▸ **Data**:
++++++++++

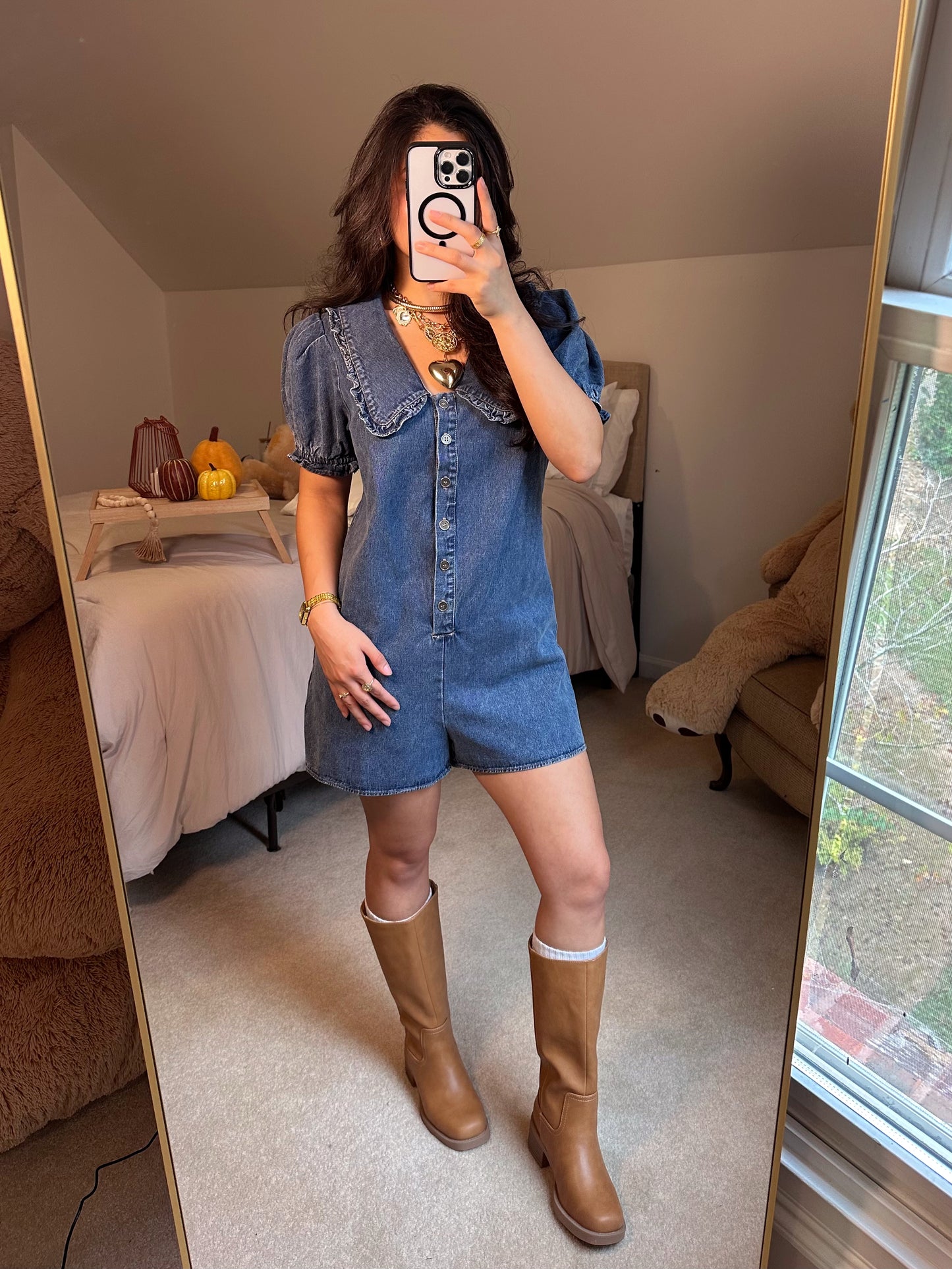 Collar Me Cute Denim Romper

++++++++++

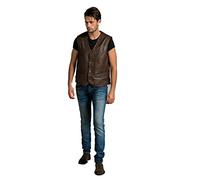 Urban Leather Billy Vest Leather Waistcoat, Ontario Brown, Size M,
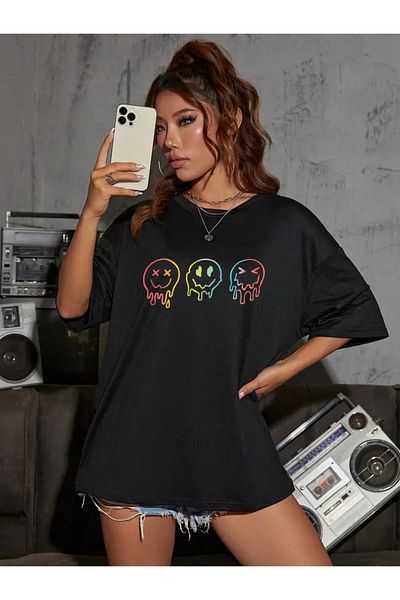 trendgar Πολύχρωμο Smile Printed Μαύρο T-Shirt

++++++++++

▸ **Brief**:
Set down again, exactly, every line above from the one with "Urban Leather Billy" down to the one with "trendgar Πολύχρωμο Smile", both ends included. No pictures, and nothing else.

▸ **Exercise answer**:
 Urban Leather Billy Vest Leather Waistcoat, Ontario Brown, Size M,
 trendgar Πολύχρωμο Smile Printed Μαύρο T-Shirt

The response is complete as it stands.